The convergence of prices and wages is a huge topic in economic history. The Balkans, however, have received scant attention in the literature thus far. This is not for a lack of data. Serbia possesses a uniquely-abundant treasure of data on prices and wages. Since the establishment of its statistical office (1862), Serbian authorities collected prices of traded and household goods, and wages of skilled and unskilled workers (masons and day labourers). Drawing on this source, I built a new database of prices and wages spanning 42 urban settlements in the period 1863-1910. The data enable me to investigate the development across space and over time of grain prices and costs-of-living, as well as nominal and real wages. The article, therefore, speaks to a wide audience by connecting to global debates on real wages, convergence, and economic development in Central and South-Eastern Europe. In this post, I highlight some of the main findings.
Notes: the figure reports average percentage gaps across all location-pairs for: (a) prices of maize and wheat; (b) money wages of day labourers and masons. Interpretation: for example, a value of 1.2 in sub-figure (a) means that the average gap in grain prices between all location-pairs was 20 per cent.
Figure 1 illustrates that as prices converged, wages diverged. Initial differences in grain prices of approximately 25% for maize and 20% for wheat more than halved during the next half a century. By 1910 inter-urban gaps in grain prices were as low as in Italy, indicating strong integration of domestic commodity markets by European standards. Meanwhile, wage gaps between Serbian urban settlements widened more strongly than elsewhere in Europe. During the half century studied here, on average, real wages between locations differed by approximately 30%. Dispersion in costs of living was low and relatively stagnant over time (c.10%, on average).
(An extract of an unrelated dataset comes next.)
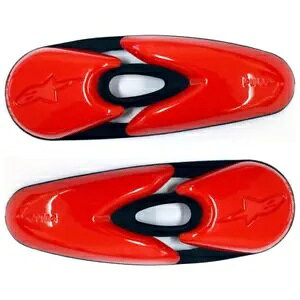 Alpinestars �����p�g�D �X���C�_�[ �X�[�p�[�e�b�N/SMX R/5 �u�[�c �y�A ���b�h �V�i Alpinestars Replaceable Toe Sliders For Supertech/SMX R/5 Boots Pair Red New �y���s�A���i�z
Falling transport costs helped prices converge, but growing differences in town size propelled wage divergence. From 1866 to 1910, the cost of freight transport in Serbia fell by a third. Transport costs strongly decreased with the appearance of railways in 1884 and continued to fall with the extension of the railway and road network. Improved transport infrastructure enabled domestic trade thus helping reduce inter-urban gaps in prices of grains and other tradable goods. Meanwhile, Serbia witnessed an increasing concentration of its urban population. Initial differences in the size of urban settlements increased over time. Between 1866 and 1910, in the span of 44 years, Belgrade’s population more than trebled while the population of several other locations more than doubled. By contrast, a number of locations grew slowly or even shrank. These agglomeration forces resulted in wages divergence, as wages grew more in more populous towns.
In sum, my research demonstrates that price and wage integration need not point in the same direction. The case of Serbia reveals that, in spite of converging prices, wage convergence can elude a small, developing economy. These findings may hold important lessons for developing economies today.